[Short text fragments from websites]
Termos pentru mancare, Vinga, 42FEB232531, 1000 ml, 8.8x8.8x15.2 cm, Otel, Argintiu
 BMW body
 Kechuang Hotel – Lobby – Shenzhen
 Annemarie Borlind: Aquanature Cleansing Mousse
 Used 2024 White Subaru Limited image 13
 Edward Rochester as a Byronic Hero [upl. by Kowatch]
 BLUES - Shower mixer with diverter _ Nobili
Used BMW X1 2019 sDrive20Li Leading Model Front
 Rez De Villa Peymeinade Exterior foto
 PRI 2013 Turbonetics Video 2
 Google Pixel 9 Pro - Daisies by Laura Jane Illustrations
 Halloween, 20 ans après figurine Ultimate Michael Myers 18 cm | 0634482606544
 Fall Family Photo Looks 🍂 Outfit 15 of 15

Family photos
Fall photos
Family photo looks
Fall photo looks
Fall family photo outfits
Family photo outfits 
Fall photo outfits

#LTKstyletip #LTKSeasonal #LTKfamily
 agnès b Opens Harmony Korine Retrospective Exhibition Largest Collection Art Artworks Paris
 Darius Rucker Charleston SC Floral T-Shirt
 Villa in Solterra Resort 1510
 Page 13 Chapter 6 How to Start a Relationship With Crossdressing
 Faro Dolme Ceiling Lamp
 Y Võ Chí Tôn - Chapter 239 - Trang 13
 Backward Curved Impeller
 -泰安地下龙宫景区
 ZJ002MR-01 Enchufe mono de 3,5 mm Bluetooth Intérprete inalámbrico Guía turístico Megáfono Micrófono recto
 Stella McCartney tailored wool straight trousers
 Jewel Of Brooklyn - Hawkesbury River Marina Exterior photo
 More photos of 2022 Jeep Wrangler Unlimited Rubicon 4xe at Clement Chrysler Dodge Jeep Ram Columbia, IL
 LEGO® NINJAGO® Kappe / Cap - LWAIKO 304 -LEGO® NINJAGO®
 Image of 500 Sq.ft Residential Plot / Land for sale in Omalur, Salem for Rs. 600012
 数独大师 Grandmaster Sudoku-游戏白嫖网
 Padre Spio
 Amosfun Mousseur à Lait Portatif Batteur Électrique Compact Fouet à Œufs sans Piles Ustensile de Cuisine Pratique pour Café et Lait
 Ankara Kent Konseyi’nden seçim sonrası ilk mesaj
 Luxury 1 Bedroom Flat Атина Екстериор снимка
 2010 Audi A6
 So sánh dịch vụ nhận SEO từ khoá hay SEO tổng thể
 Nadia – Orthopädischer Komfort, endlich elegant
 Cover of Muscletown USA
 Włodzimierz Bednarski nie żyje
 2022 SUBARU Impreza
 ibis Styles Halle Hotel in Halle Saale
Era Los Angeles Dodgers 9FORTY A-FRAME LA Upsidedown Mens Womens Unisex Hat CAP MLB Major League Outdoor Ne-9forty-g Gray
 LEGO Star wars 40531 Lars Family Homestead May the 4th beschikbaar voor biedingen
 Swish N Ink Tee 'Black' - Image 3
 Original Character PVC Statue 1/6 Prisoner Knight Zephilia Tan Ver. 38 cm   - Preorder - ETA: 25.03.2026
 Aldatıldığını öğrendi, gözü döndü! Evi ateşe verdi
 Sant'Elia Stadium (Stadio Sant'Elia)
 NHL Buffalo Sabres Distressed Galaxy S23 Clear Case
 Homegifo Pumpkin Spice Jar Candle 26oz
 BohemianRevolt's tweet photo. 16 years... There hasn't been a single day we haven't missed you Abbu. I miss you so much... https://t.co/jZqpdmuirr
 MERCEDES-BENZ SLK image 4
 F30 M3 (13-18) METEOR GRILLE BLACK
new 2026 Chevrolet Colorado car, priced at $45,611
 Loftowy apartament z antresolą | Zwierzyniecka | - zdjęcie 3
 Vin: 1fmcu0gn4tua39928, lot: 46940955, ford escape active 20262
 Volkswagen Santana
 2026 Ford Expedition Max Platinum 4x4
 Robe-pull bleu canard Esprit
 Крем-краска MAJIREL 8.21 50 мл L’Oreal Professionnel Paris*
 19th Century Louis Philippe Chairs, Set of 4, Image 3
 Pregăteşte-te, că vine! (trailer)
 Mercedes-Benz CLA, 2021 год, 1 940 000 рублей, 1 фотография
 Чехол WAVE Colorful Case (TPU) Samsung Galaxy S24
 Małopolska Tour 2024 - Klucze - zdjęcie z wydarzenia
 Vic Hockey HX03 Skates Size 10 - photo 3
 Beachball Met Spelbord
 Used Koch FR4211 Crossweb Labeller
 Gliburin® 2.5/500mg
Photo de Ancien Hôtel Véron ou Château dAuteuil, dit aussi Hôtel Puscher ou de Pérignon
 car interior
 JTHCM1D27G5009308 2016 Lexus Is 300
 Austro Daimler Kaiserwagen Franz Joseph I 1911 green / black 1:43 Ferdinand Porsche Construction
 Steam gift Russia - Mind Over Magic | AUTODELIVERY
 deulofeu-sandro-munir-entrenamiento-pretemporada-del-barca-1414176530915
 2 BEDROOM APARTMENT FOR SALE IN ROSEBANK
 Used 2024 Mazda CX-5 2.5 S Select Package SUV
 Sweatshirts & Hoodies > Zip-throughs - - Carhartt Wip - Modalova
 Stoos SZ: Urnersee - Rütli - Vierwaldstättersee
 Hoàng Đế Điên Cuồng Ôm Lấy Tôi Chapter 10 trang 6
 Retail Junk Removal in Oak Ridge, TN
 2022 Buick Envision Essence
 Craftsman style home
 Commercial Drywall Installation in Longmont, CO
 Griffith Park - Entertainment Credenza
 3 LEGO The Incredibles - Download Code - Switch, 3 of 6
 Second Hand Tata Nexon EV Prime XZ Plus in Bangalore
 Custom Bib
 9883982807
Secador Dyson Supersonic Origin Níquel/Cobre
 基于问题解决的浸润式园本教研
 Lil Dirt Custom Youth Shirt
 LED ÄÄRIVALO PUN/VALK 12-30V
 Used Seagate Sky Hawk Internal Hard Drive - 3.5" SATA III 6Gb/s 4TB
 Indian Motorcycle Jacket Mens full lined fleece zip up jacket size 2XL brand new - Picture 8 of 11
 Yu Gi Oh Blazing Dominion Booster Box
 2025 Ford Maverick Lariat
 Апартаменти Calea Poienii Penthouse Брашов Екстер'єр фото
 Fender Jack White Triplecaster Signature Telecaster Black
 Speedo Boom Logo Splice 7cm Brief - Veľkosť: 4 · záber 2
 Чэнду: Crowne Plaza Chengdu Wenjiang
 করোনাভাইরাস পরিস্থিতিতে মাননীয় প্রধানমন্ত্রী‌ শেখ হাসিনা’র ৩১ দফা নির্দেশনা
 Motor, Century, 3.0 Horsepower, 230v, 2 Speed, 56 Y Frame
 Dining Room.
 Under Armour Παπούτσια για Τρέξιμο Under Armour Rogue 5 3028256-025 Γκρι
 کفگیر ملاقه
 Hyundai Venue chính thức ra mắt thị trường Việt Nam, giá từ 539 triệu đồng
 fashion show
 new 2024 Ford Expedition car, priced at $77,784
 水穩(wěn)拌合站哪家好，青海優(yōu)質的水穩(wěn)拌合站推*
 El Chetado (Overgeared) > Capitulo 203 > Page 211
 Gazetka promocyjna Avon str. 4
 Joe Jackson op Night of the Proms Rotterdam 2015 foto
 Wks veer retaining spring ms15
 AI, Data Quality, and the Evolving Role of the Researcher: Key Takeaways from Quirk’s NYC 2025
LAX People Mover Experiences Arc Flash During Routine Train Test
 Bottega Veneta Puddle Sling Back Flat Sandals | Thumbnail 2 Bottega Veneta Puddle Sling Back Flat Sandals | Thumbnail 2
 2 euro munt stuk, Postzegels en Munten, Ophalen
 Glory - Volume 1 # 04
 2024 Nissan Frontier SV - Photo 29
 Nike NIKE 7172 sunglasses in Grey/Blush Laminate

Instructions to follow: Retype the records above in full, with no differences.

Written response:
Termos pentru mancare, Vinga, 42FEB232531, 1000 ml, 8.8x8.8x15.2 cm, Otel, Argintiu
 BMW body
 Kechuang Hotel – Lobby – Shenzhen
 Annemarie Borlind: Aquanature Cleansing Mousse
 Used 2024 White Subaru Limited image 13
 Edward Rochester as a Byronic Hero [upl. by Kowatch]
 BLUES - Shower mixer with diverter _ Nobili
Used BMW X1 2019 sDrive20Li Leading Model Front
 Rez De Villa Peymeinade Exterior foto
 PRI 2013 Turbonetics Video 2
 Google Pixel 9 Pro - Daisies by Laura Jane Illustrations
 Halloween, 20 ans après figurine Ultimate Michael Myers 18 cm | 0634482606544
 Fall Family Photo Looks 🍂 Outfit 15 of 15

Family photos
Fall photos
Family photo looks
Fall photo looks
Fall family photo outfits
Family photo outfits 
Fall photo outfits

#LTKstyletip #LTKSeasonal #LTKfamily
 agnès b Opens Harmony Korine Retrospective Exhibition Largest Collection Art Artworks Paris
 Darius Rucker Charleston SC Floral T-Shirt
 Villa in Solterra Resort 1510
 Page 13 Chapter 6 How to Start a Relationship With Crossdressing
 Faro Dolme Ceiling Lamp
 Y Võ Chí Tôn - Chapter 239 - Trang 13
 Backward Curved Impeller
 -泰安地下龙宫景区
 ZJ002MR-01 Enchufe mono de 3,5 mm Bluetooth Intérprete inalámbrico Guía turístico Megáfono Micrófono recto
 Stella McCartney tailored wool straight trousers
 Jewel Of Brooklyn - Hawkesbury River Marina Exterior photo
 More photos of 2022 Jeep Wrangler Unlimited Rubicon 4xe at Clement Chrysler Dodge Jeep Ram Columbia, IL
 LEGO® NINJAGO® Kappe / Cap - LWAIKO 304 -LEGO® NINJAGO®
 Image of 500 Sq.ft Residential Plot / Land for sale in Omalur, Salem for Rs. 600012
 数独大师 Grandmaster Sudoku-游戏白嫖网
 Padre Spio
 Amosfun Mousseur à Lait Portatif Batteur Électrique Compact Fouet à Œufs sans Piles Ustensile de Cuisine Pratique pour Café et Lait
 Ankara Kent Konseyi’nden seçim sonrası ilk mesaj
 Luxury 1 Bedroom Flat Атина Екстериор снимка
 2010 Audi A6
 So sánh dịch vụ nhận SEO từ khoá hay SEO tổng thể
 Nadia – Orthopädischer Komfort, endlich elegant
 Cover of Muscletown USA
 Włodzimierz Bednarski nie żyje
 2022 SUBARU Impreza
 ibis Styles Halle Hotel in Halle Saale
Era Los Angeles Dodgers 9FORTY A-FRAME LA Upsidedown Mens Womens Unisex Hat CAP MLB Major League Outdoor Ne-9forty-g Gray
 LEGO Star wars 40531 Lars Family Homestead May the 4th beschikbaar voor biedingen
 Swish N Ink Tee 'Black' - Image 3
 Original Character PVC Statue 1/6 Prisoner Knight Zephilia Tan Ver. 38 cm   - Preorder - ETA: 25.03.2026
 Aldatıldığını öğrendi, gözü döndü! Evi ateşe verdi
 Sant'Elia Stadium (Stadio Sant'Elia)
 NHL Buffalo Sabres Distressed Galaxy S23 Clear Case
 Homegifo Pumpkin Spice Jar Candle 26oz
 BohemianRevolt's tweet photo. 16 years... There hasn't been a single day we haven't missed you Abbu. I miss you so much... https://t.co/jZqpdmuirr
 MERCEDES-BENZ SLK image 4
 F30 M3 (13-18) METEOR GRILLE BLACK
new 2026 Chevrolet Colorado car, priced at $45,611
 Loftowy apartament z antresolą | Zwierzyniecka | - zdjęcie 3
 Vin: 1fmcu0gn4tua39928, lot: 46940955, ford escape active 20262
 Volkswagen Santana
 2026 Ford Expedition Max Platinum 4x4
 Robe-pull bleu canard Esprit
 Крем-краска MAJIREL 8.21 50 мл L’Oreal Professionnel Paris*
 19th Century Louis Philippe Chairs, Set of 4, Image 3
 Pregăteşte-te, că vine! (trailer)
 Mercedes-Benz CLA, 2021 год, 1 940 000 рублей, 1 фотография
 Чехол WAVE Colorful Case (TPU) Samsung Galaxy S24
 Małopolska Tour 2024 - Klucze - zdjęcie z wydarzenia
 Vic Hockey HX03 Skates Size 10 - photo 3
 Beachball Met Spelbord
 Used Koch FR4211 Crossweb Labeller
 Gliburin® 2.5/500mg
Photo de Ancien Hôtel Véron ou Château dAuteuil, dit aussi Hôtel Puscher ou de Pérignon
 car interior
 JTHCM1D27G5009308 2016 Lexus Is 300
 Austro Daimler Kaiserwagen Franz Joseph I 1911 green / black 1:43 Ferdinand Porsche Construction
 Steam gift Russia - Mind Over Magic | AUTODELIVERY
 deulofeu-sandro-munir-entrenamiento-pretemporada-del-barca-1414176530915
 2 BEDROOM APARTMENT FOR SALE IN ROSEBANK
 Used 2024 Mazda CX-5 2.5 S Select Package SUV
 Sweatshirts & Hoodies > Zip-throughs - - Carhartt Wip - Modalova
 Stoos SZ: Urnersee - Rütli - Vierwaldstättersee
 Hoàng Đế Điên Cuồng Ôm Lấy Tôi Chapter 10 trang 6
 Retail Junk Removal in Oak Ridge, TN
 2022 Buick Envision Essence
 Craftsman style home
 Commercial Drywall Installation in Longmont, CO
 Griffith Park - Entertainment Credenza
 3 LEGO The Incredibles - Download Code - Switch, 3 of 6
 Second Hand Tata Nexon EV Prime XZ Plus in Bangalore
 Custom Bib
 9883982807
Secador Dyson Supersonic Origin Níquel/Cobre
 基于问题解决的浸润式园本教研
 Lil Dirt Custom Youth Shirt
 LED ÄÄRIVALO PUN/VALK 12-30V
 Used Seagate Sky Hawk Internal Hard Drive - 3.5" SATA III 6Gb/s 4TB
 Indian Motorcycle Jacket Mens full lined fleece zip up jacket size 2XL brand new - Picture 8 of 11
 Yu Gi Oh Blazing Dominion Booster Box
 2025 Ford Maverick Lariat
 Апартаменти Calea Poienii Penthouse Брашов Екстер'єр фото
 Fender Jack White Triplecaster Signature Telecaster Black
 Speedo Boom Logo Splice 7cm Brief - Veľkosť: 4 · záber 2
 Чэнду: Crowne Plaza Chengdu Wenjiang
 করোনাভাইরাস পরিস্থিতিতে মাননীয় প্রধানমন্ত্রী‌ শেখ হাসিনা’র ৩১ দফা নির্দেশনা
 Motor, Century, 3.0 Horsepower, 230v, 2 Speed, 56 Y Frame
 Dining Room.
 Under Armour Παπούτσια για Τρέξιμο Under Armour Rogue 5 3028256-025 Γκρι
 کفگیر ملاقه
 Hyundai Venue chính thức ra mắt thị trường Việt Nam, giá từ 539 triệu đồng
 fashion show
 new 2024 Ford Expedition car, priced at $77,784
 水穩(wěn)拌合站哪家好，青海優(yōu)質的水穩(wěn)拌合站推*
 El Chetado (Overgeared) > Capitulo 203 > Page 211
 Gazetka promocyjna Avon str. 4
 Joe Jackson op Night of the Proms Rotterdam 2015 foto
 Wks veer retaining spring ms15
 AI, Data Quality, and the Evolving Role of the Researcher: Key Takeaways from Quirk’s NYC 2025
LAX People Mover Experiences Arc Flash During Routine Train Test
 Bottega Veneta Puddle Sling Back Flat Sandals | Thumbnail 2 Bottega Veneta Puddle Sling Back Flat Sandals | Thumbnail 2
 2 euro munt stuk, Postzegels en Munten, Ophalen
 Glory - Volume 1 # 04
 2024 Nissan Frontier SV - Photo 29
 Nike NIKE 7172 sunglasses in Grey/Blush Laminate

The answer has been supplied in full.